The Mudcat Café TM
Thread #105247   Message #2163405
Posted By: JohnInKansas
04-Oct-07 - 04:14 AM
Thread Name: Tech: LoJack for Computers - And the catch is?
Subject: RE: Tech: LoJack for Computers - And the catch is?
Erasing the drive as usually done doesn't necessarily clear the root sector, and if the "program" is installed in the root sector above the position that will be occupied when a new boot/sys is written, it likely will survive the cleaning. That particular bit of information suggests that the program installs as a "root kit" - a legitimate(?) use of what sometimes is one of the nastiest of malware techniques.

Password protection of individual files/folders in Windows is sort of a double-edged sword. It protects your data from others, but there are several places where what would ordinarily be minor - and recoverable - file corruption can render all password protected files completely unrecoverable even by you. The file itself can drop a bit. The "key" file that knows how to unencrypt the file can get lost. The user def file that tells which user the password is for can get mangled. etc. etc. etc. ... (An encrypted file that's part of a backup is almost never readable in a restore - at least in my experience.)

Windows encryption, in recent versions, is very strong so if any accident happens, the file is COMPLETELY AND PERMANENTLY LOST.

If you have so much information that you have a lot of things needing passwording and encryption, you've just got to accept the risk; but for ordinary use I'd suggest that any individual files worth encrypting should be stored as an unencrypted backup off the machine just in case. (Burn a CD, etc, lock it up somewhere remote from the machine, and then apply the password/encryption only to the "working" copy left on the machine.)

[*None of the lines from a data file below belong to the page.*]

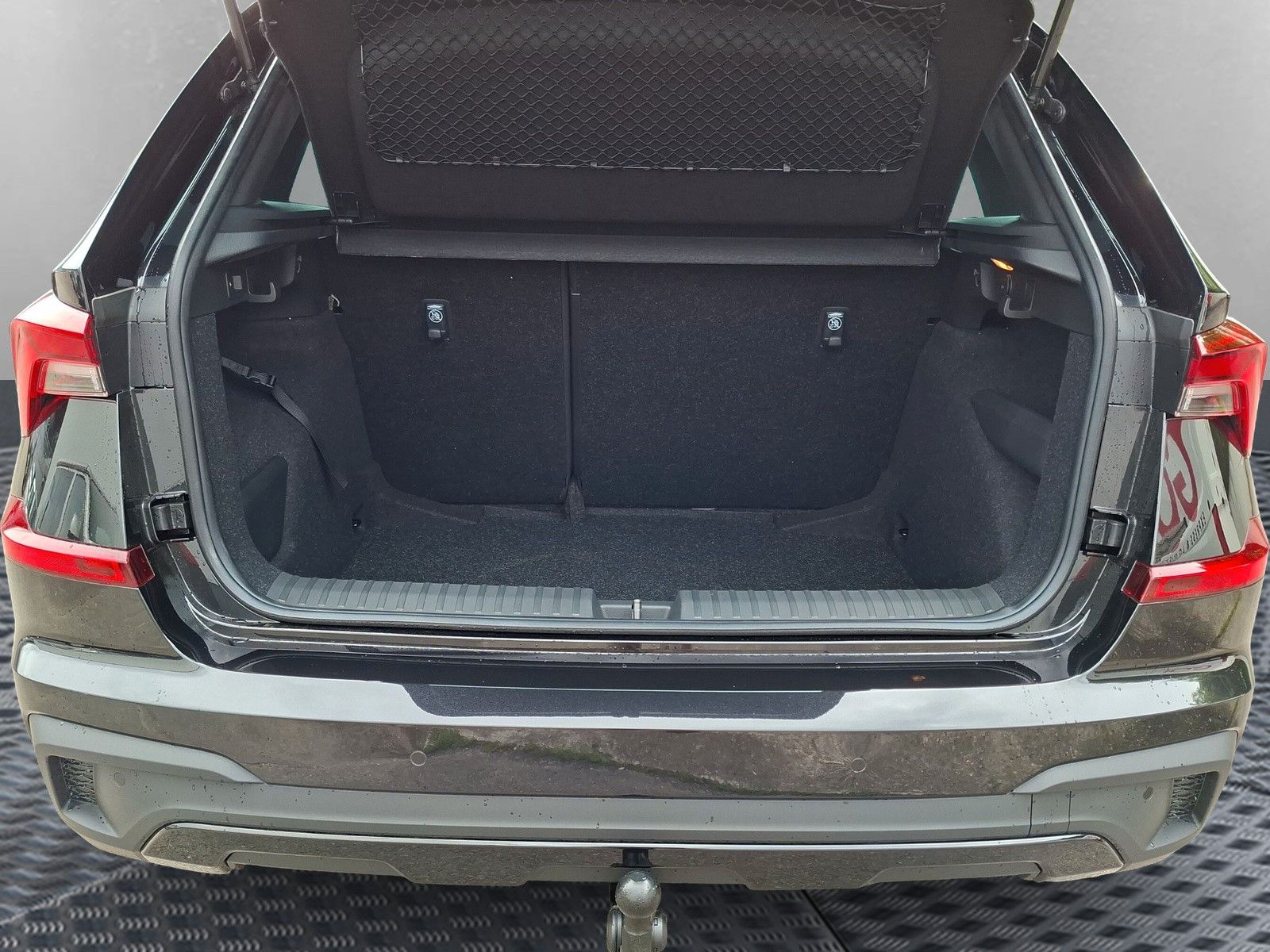 Fahrzeugabbildung SKODA Kamiq 1.5TSI Monte Carlo Pano Matrix 18 Zoll AHK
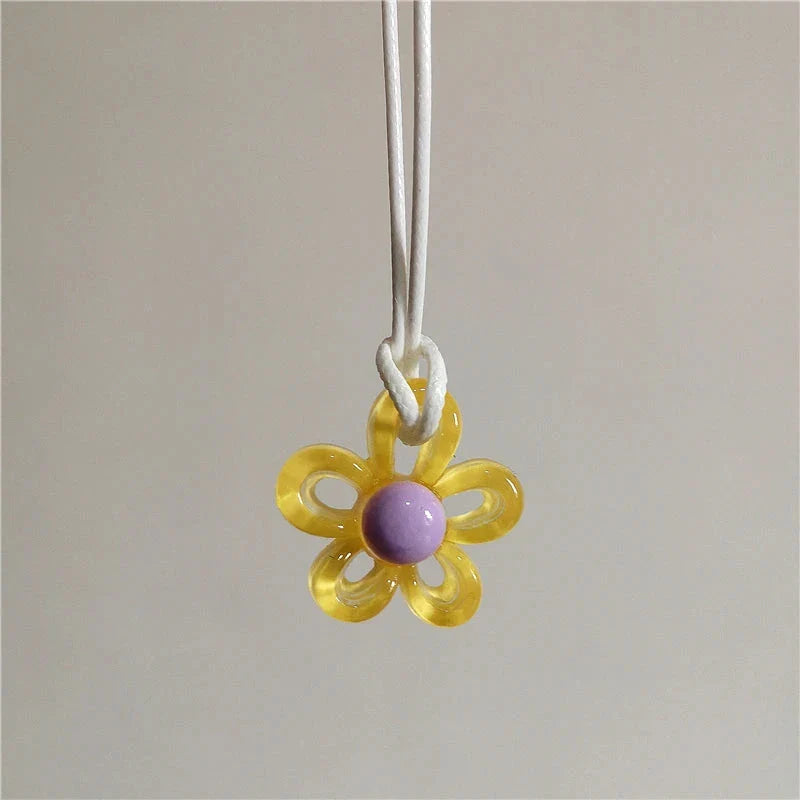 Collar con Colgante de Flor Colorida beige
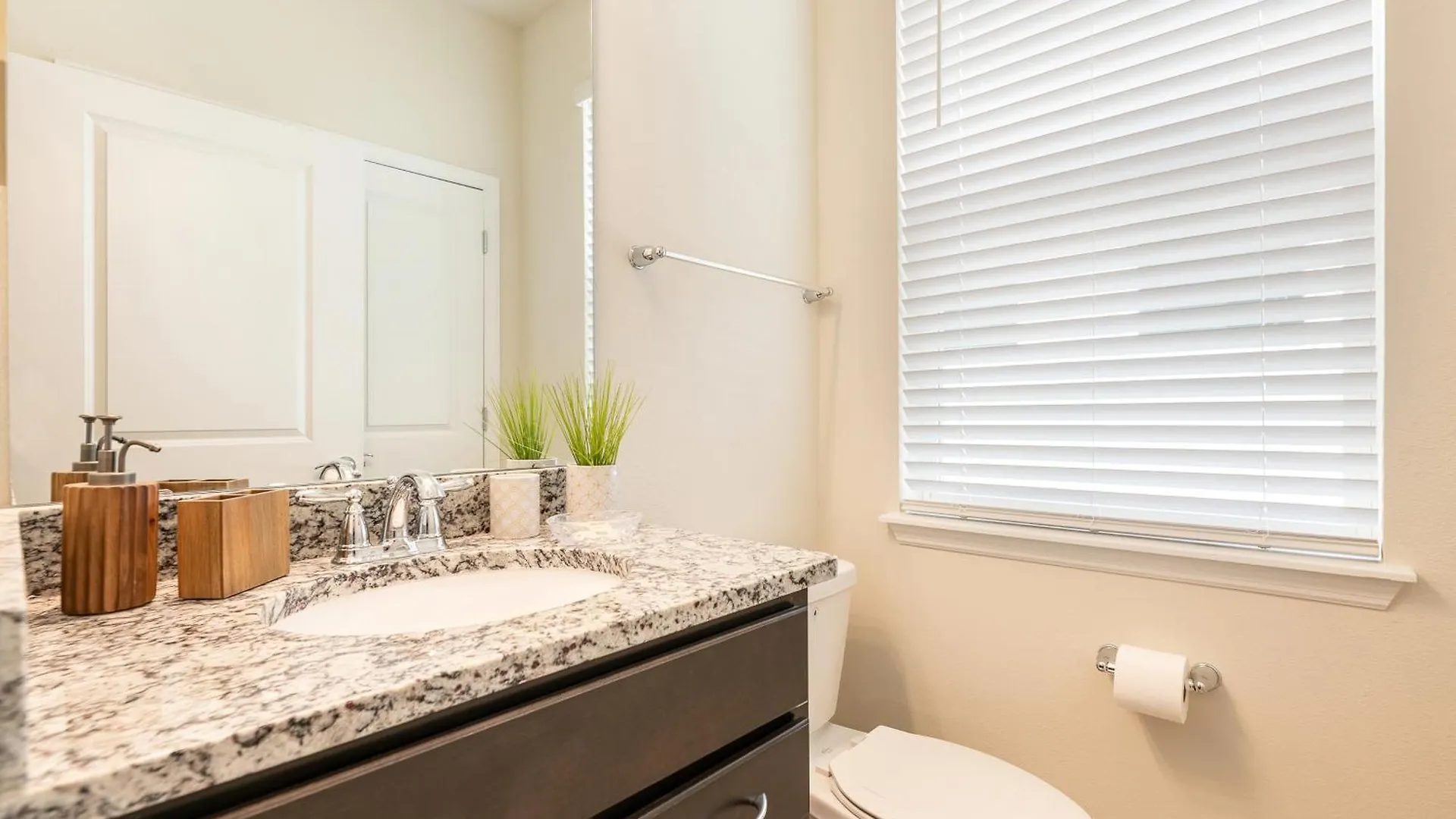 Summer Breeze - Arcade, Game Room, Free Pool Heat Davenport Holiday home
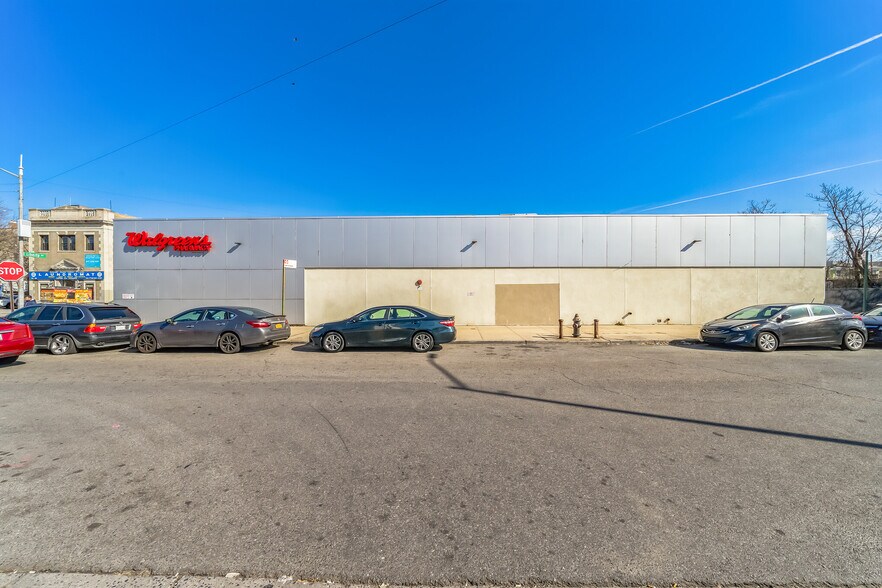 More Photos Of 1242 Liberty Ave, Ozone Park Drugstore For Lease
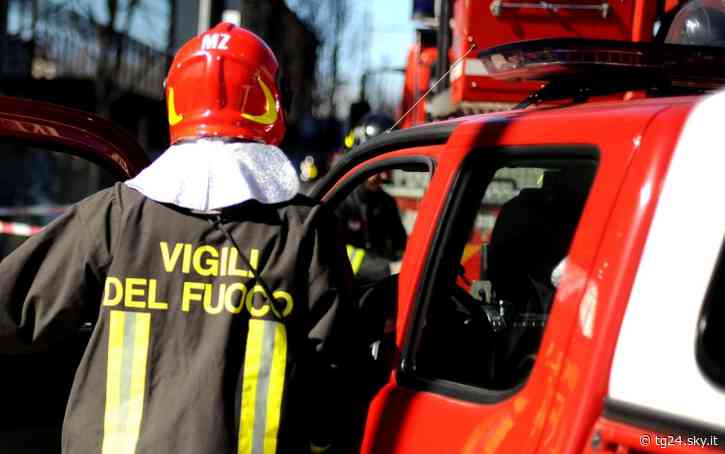 Modena, a fuoco autobus sul cavalcavia Mazzoni - Sky Tg24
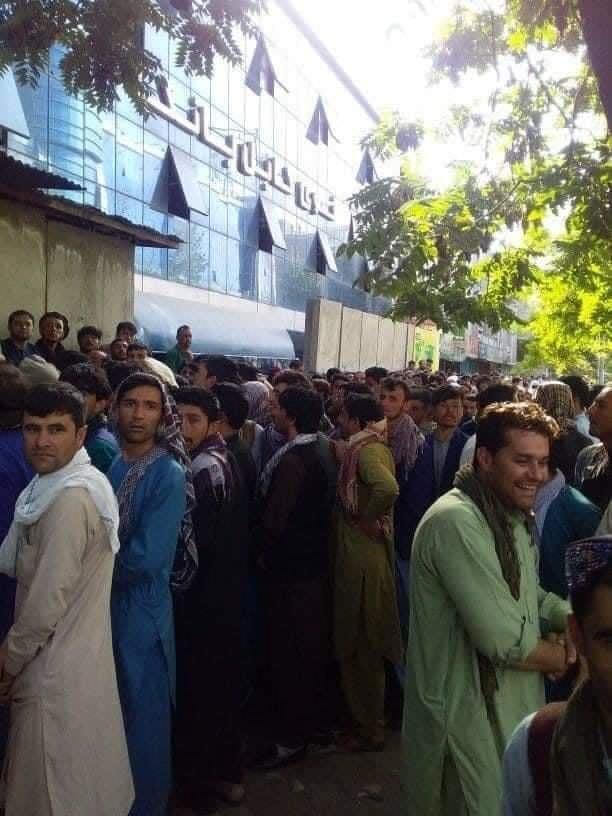 باشنده های شهر فیض آباد از ازدحام در بانک ها شکایت دارند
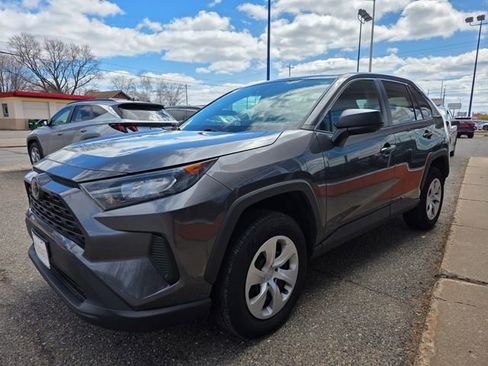 Used 2022 Toyota RAV4 LE image 3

It gets to be cumbersome, but obviously anything you need to protect with a password is valuable enough to merit a little extra care in backup, as well as in protection(?).

Using a logon password, especially for an administrator account, is an entirely different matter. It may be inconvenient to work around a lost or corrupted logon password, but no data is likely to be lost. Encryption of messages during transmission is also safe, since the source file remains unaffected if something gets lost in the transmission.